REQUIRED ACTION> Go to the line that contains "Car Bike Green Stripe Red Boys Shorts Sets". Restate that line and each one after it exactly, through the end of the records, without pictures.

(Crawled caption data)
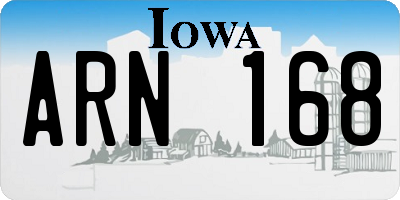 IA license plate ARN168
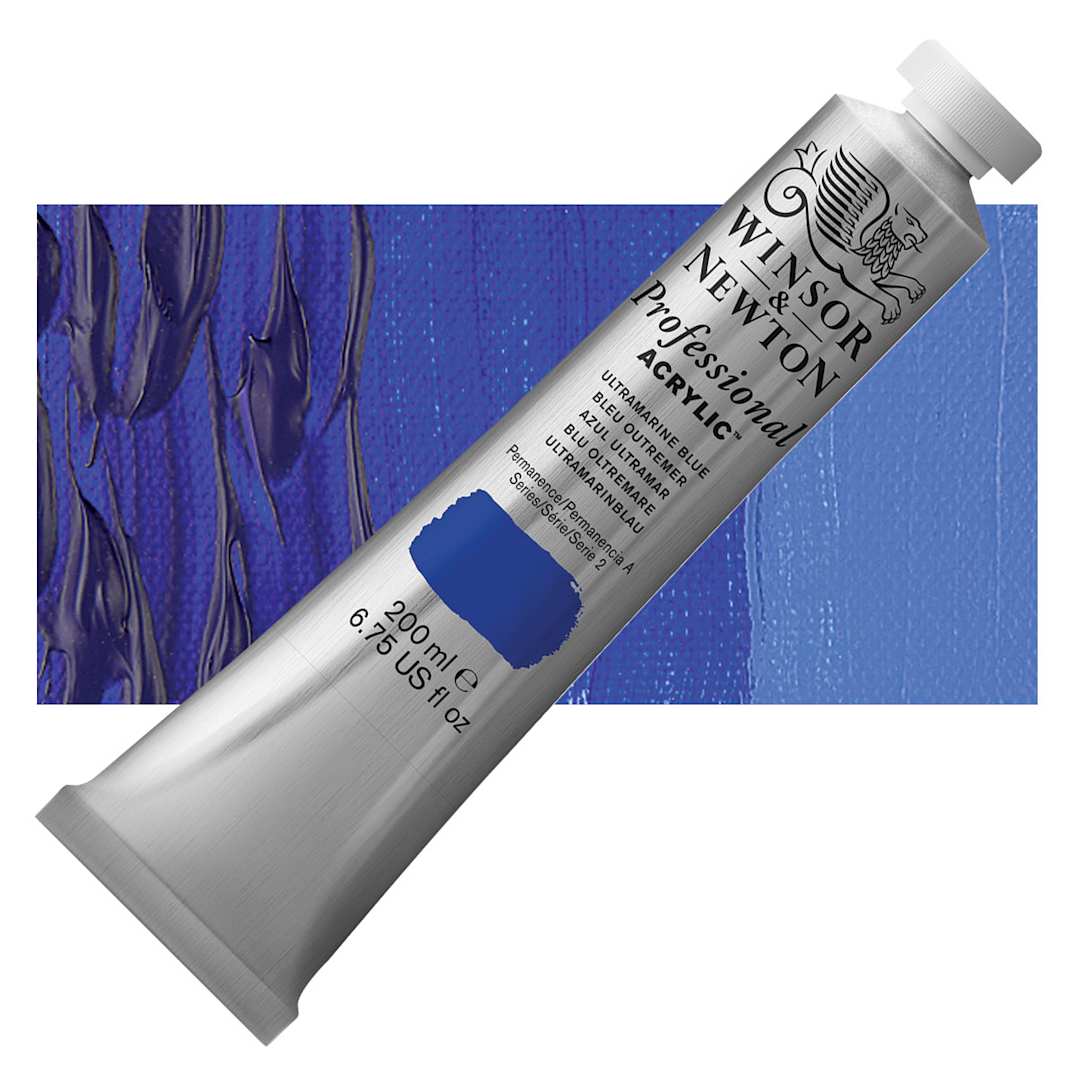 Open in modal - Winsor & Newton Professional Acrylic Paint - Ultramarine Blue, 200 ml tube and swatch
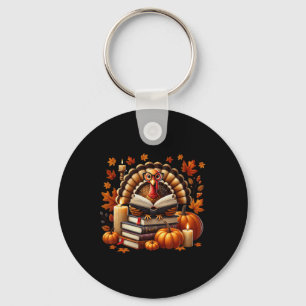 Turkey Reading Books Fall Thanksgiving Teacher Boo Keychain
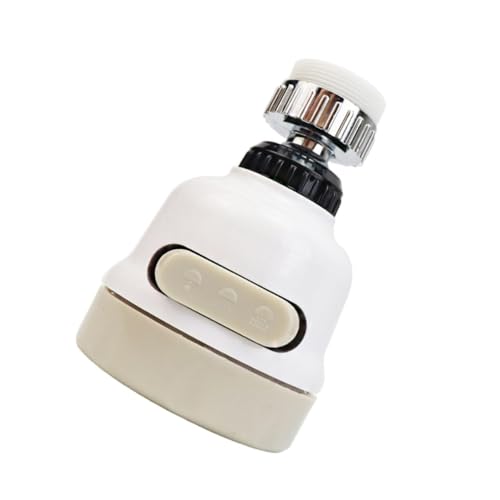 Cruces Aireador Grifo Cocina, Rociador de Agua para Grifo con Cabezal Giratorio 360°, Ajustable y con 3 modos. Color Blanco. Ideal para Antisalpicaduras y Mayor Ahorro de Agua.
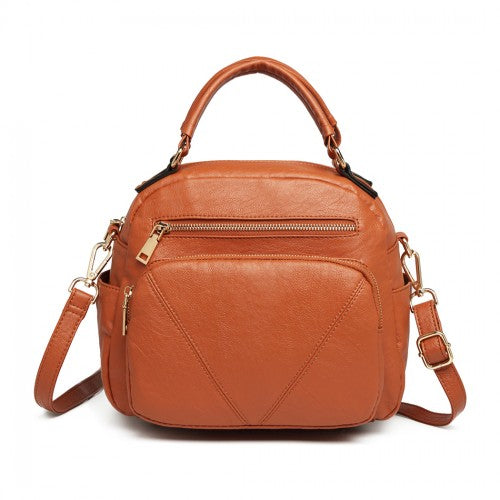 LB6907 - Miss Lulu Bowler Style Shoulder Bag - Brown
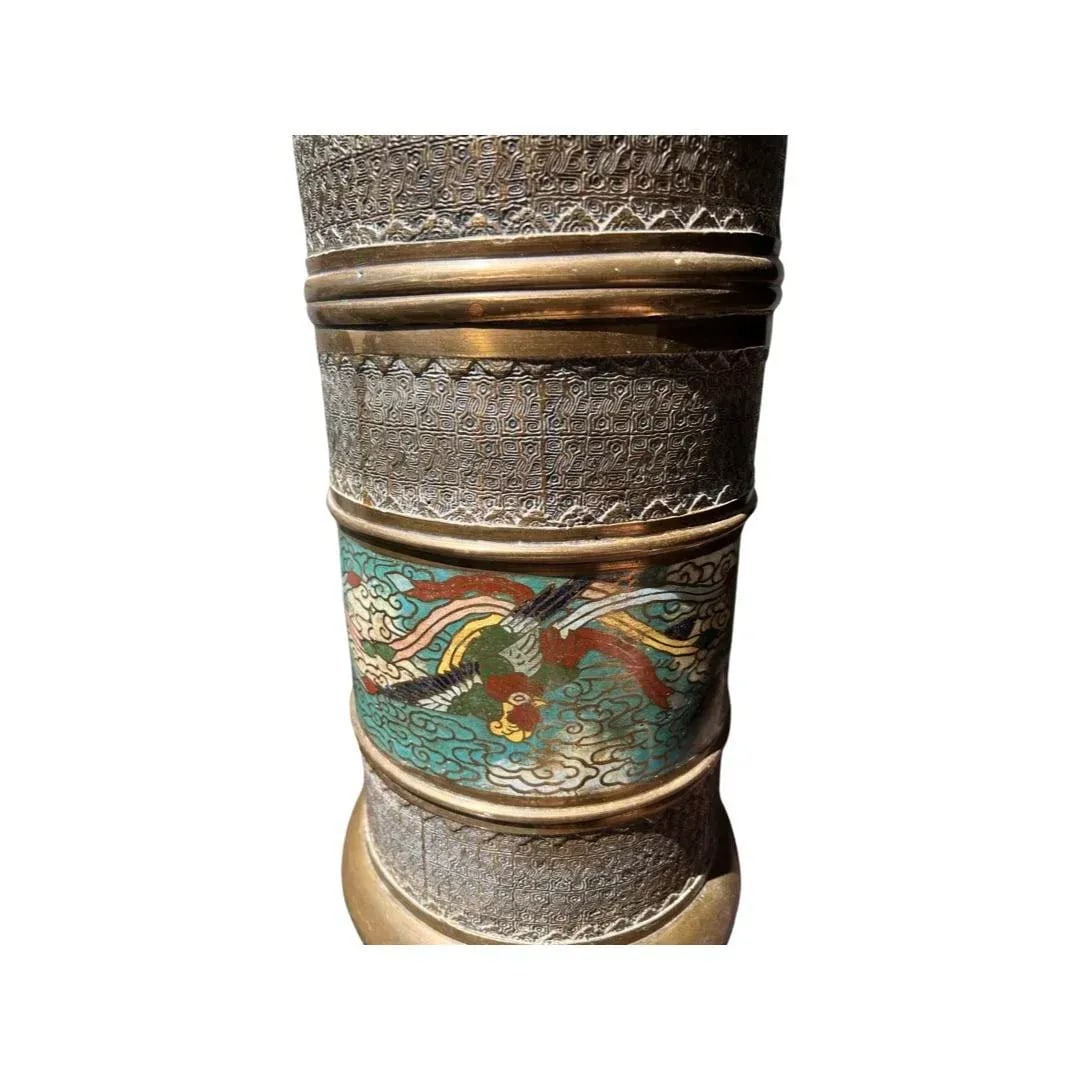 Antique Chinese Bronze & Cloisonne Phoenix Umbrella Stand - 4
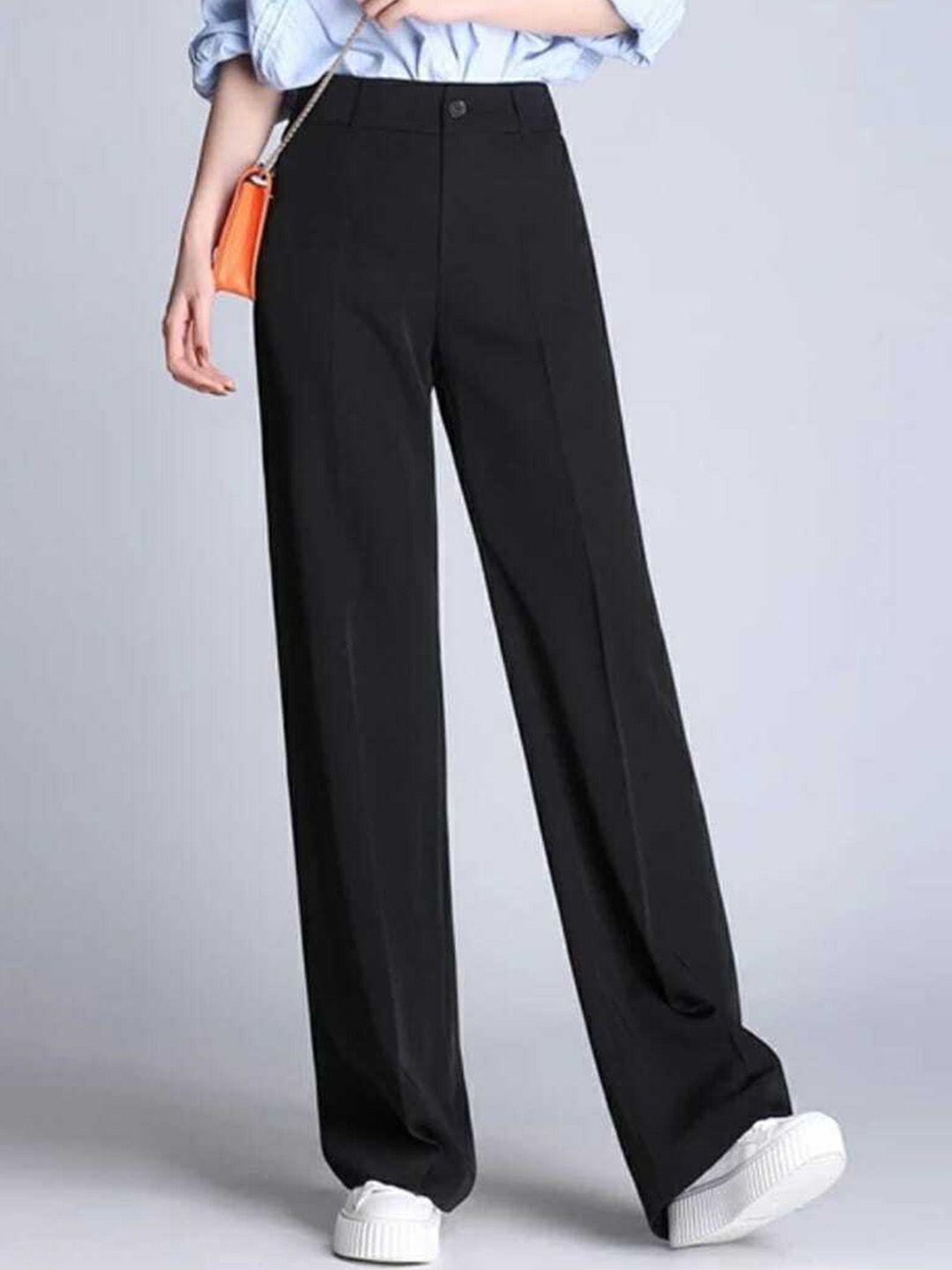 Next One Women Black Smart Straight Fit High-Rise Easy Wash Trousers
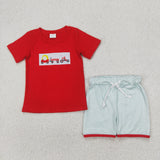 Car Bike Green Stripe Red Boys Shorts Sets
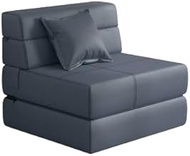 【Tech Cloth】PU Thick Foldable Sofabed/Foldable Sofa/Foldable Mattress/Lazy/Folding/Bed (PU - Dark Blue, 72x192x18cm)
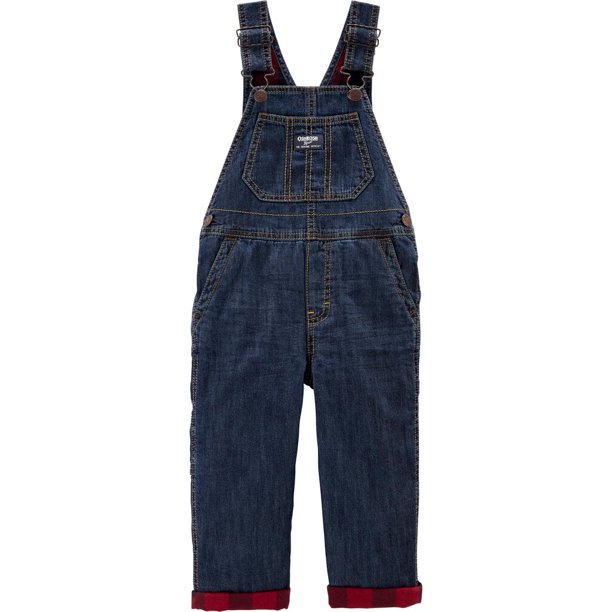 Toddler Boy OshKosh B'gosh FlannelLined Overalls Midnight Rinse Wash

SOLUTION BELOW>
 Car Bike Green Stripe Red Boys Shorts Sets
 【Tech Cloth】PU Thick Foldable Sofabed/Foldable Sofa/Foldable Mattress/Lazy/Folding/Bed (PU - Dark Blue, 72x192x18cm)
 Toddler Boy OshKosh B'gosh FlannelLined Overalls Midnight Rinse Wash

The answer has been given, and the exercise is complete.